## What is being asked
Set down, exactly as written, every line from the top of the records below to the line containing "伊利珍护奶粉怎么样？了解具体配方就能揭晓答案", both ends included, and no others.

:::::

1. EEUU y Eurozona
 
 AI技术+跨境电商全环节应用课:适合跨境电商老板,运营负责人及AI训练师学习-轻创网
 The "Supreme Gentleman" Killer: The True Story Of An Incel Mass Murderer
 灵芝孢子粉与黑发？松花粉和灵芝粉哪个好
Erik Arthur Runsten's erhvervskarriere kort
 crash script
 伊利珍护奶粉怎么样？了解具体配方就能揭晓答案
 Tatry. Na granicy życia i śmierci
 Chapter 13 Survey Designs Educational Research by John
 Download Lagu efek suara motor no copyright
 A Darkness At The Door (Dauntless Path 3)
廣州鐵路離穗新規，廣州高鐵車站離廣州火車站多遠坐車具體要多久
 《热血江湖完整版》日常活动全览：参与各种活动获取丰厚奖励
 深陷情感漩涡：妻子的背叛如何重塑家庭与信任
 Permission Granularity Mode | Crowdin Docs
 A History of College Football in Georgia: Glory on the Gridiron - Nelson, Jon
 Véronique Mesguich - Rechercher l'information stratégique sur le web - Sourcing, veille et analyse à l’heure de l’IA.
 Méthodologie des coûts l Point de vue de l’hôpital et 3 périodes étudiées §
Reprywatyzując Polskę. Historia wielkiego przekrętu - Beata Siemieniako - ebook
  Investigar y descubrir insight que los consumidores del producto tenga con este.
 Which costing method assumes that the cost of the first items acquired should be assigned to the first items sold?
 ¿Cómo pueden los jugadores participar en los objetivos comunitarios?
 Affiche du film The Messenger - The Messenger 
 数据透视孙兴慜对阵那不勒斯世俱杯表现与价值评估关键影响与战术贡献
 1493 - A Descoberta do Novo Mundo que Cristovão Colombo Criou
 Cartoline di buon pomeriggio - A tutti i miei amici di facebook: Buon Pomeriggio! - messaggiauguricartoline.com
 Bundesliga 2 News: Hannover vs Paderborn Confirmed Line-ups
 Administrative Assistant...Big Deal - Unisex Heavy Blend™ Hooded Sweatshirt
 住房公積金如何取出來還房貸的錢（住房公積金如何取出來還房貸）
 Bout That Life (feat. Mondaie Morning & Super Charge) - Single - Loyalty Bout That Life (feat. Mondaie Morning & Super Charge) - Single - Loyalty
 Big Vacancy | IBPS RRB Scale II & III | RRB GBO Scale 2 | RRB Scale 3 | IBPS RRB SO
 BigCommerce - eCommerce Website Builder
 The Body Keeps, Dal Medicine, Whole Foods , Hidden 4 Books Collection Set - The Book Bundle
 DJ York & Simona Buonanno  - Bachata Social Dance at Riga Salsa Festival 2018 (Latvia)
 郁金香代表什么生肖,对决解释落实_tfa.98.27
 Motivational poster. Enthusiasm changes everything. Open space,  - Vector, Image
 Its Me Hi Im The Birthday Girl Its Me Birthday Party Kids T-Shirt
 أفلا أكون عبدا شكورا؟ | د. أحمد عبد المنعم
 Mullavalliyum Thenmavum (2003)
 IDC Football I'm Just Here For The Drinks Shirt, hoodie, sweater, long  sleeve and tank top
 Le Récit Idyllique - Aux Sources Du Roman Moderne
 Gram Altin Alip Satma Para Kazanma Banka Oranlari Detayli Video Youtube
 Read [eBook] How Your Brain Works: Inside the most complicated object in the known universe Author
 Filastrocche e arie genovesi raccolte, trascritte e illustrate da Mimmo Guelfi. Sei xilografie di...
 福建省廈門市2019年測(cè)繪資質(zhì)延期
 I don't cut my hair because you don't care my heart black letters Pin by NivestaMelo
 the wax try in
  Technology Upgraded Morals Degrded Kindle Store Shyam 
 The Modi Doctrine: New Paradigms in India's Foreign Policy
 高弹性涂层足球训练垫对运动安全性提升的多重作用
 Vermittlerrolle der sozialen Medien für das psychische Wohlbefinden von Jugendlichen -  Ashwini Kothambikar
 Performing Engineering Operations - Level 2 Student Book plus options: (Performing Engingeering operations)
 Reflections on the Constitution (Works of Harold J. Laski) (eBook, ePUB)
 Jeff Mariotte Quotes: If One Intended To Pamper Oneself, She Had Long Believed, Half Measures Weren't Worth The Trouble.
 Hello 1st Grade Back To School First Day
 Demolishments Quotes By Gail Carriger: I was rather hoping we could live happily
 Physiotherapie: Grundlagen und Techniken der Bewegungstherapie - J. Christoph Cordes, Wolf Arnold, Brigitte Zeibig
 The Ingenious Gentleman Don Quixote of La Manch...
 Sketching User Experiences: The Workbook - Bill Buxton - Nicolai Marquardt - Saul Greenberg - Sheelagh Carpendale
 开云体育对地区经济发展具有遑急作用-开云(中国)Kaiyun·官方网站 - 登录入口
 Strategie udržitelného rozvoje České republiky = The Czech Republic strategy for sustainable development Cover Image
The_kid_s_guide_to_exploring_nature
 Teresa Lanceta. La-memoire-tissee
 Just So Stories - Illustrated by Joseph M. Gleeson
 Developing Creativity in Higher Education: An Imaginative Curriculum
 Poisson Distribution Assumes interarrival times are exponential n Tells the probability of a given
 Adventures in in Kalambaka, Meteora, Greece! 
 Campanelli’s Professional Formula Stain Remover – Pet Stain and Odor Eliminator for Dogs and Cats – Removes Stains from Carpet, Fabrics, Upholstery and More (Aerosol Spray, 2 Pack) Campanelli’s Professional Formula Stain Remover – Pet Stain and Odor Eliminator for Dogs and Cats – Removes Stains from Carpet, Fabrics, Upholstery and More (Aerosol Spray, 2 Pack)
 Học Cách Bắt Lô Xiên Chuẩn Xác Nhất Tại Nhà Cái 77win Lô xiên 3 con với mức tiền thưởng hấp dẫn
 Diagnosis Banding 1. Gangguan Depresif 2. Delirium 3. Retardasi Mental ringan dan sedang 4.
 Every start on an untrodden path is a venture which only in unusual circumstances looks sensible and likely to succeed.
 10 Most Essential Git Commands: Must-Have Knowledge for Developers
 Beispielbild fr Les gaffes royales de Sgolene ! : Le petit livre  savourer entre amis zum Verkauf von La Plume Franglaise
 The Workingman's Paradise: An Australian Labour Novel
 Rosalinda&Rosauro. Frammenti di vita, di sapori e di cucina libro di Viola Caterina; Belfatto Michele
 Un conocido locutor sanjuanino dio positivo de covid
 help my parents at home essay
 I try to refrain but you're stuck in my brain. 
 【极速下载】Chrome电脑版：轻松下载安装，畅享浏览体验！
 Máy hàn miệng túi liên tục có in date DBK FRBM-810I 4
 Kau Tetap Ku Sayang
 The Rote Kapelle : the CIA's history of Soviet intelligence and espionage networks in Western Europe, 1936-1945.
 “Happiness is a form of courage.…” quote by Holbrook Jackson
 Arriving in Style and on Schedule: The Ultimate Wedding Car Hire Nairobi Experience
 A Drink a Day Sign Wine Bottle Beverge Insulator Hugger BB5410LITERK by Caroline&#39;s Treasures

:::::

## Solution to this problem
1. EEUU y Eurozona
 
 AI技术+跨境电商全环节应用课:适合跨境电商老板,运营负责人及AI训练师学习-轻创网
 The "Supreme Gentleman" Killer: The True Story Of An Incel Mass Murderer
 灵芝孢子粉与黑发？松花粉和灵芝粉哪个好
Erik Arthur Runsten's erhvervskarriere kort
 crash script
 伊利珍护奶粉怎么样？了解具体配方就能揭晓答案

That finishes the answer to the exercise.